Jackman presents this example in his _Bayesian Analysis for the Social Sciences_ in Example 7.9 on pages 355-362. The exercise provides an opportunity to estimate a binomial dependent variable and sets us up to talk about this example later when we talk about multi-level models. Also, a great opportunity to dive into Bayesian modeling in the context of a field experiment.

>Prior to the presidential election in November 2004, we assembled a nationwide list of cable systems that covered only a single zip code. Small cable TV systems are a fertile source of experimental data for social scientists because their small size makes them inexpensive and conducive to large-N randomized studies. In order to test the televised messages in an environment that would not be dominated by other election-related advertisements, we removed all cable systems in 16 states that the Los Angeles Times classified as presidential battlegrounds (closely contested states). We then excluded any systems that had no time available in prime time during the week before the election or that cost more than 15 dollars per 30-second advertisement on the USA television network. We excluded all systems in Mississippi because its voter file is very difficult to obtain. This left 85 cable systems for randomization.

>Random assignment of the cable systems took place as follows. Each system was matched with one or two other systems in the same state according to its past turnout rate in presidential elections. This procedure resulted in 40 strata containing the 85 cable systems.

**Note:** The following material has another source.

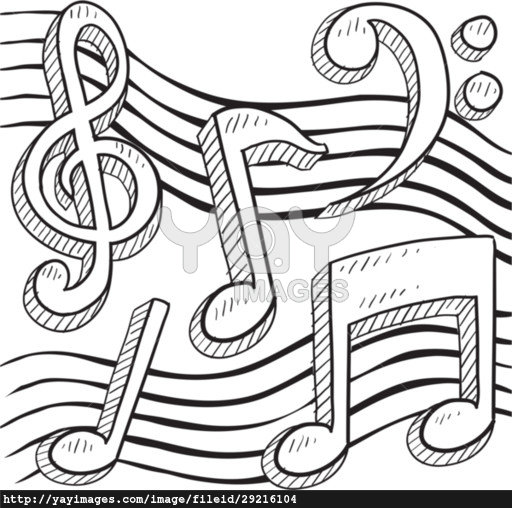 512x508 Doodle Style Musical Notes Border Sketch In Vector Format Poster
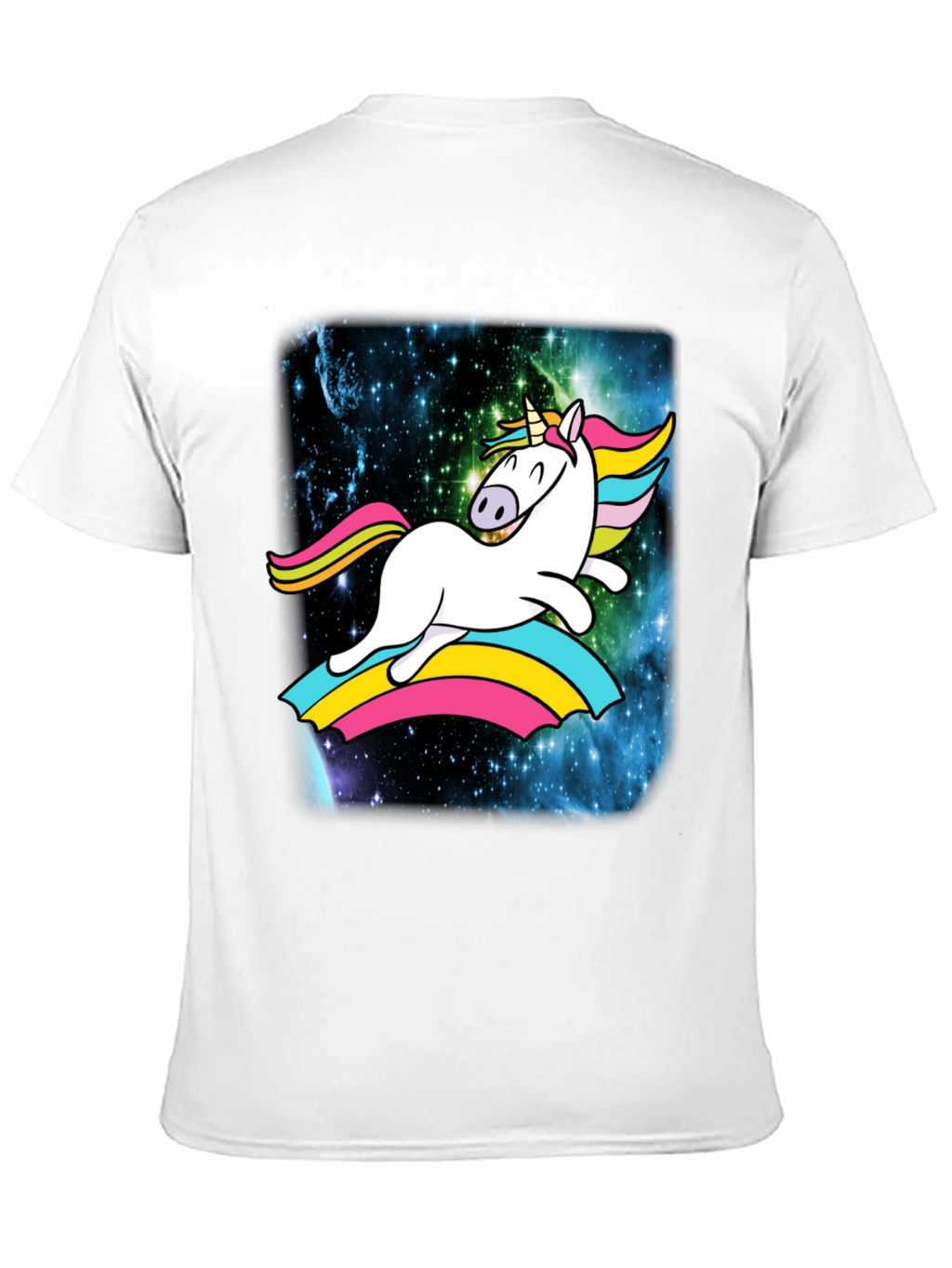 Unicorn Rainbow Galaxy Mens Black T-Shirt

After sorting the list of 85 cable systems by strata and then by a random number, the first cable system in each stratum was assigned to the treatment condition, the others to control.

>People living within the treatment systems saw two different 30-second advertisements produced by Rock the Vote. Both advertisements used the same format. The first dealt with the draft and the second, with education. In the draft advertisement, a young couple dancing at a party is talking about the man’s new job. He is very excited to be working in promotions and hopes to start his own firm in 6 months. The woman interrupts him and says, ‘‘That’s if you don’t get drafted.’’ The man is puzzled. She clarifies, ‘‘Drafted, for the war?’’ He responds, ‘‘Would they do that?’’ The advertisement closes with everyone at the party looking into the camera and the words, ‘‘It’s up to you’’ on the screen. The voiceover says, ‘‘The Draft. One of the issues that will be decided this November. Remember to vote on November 2nd.’’ The closing image is of the Rock the Vote logo on a black screen.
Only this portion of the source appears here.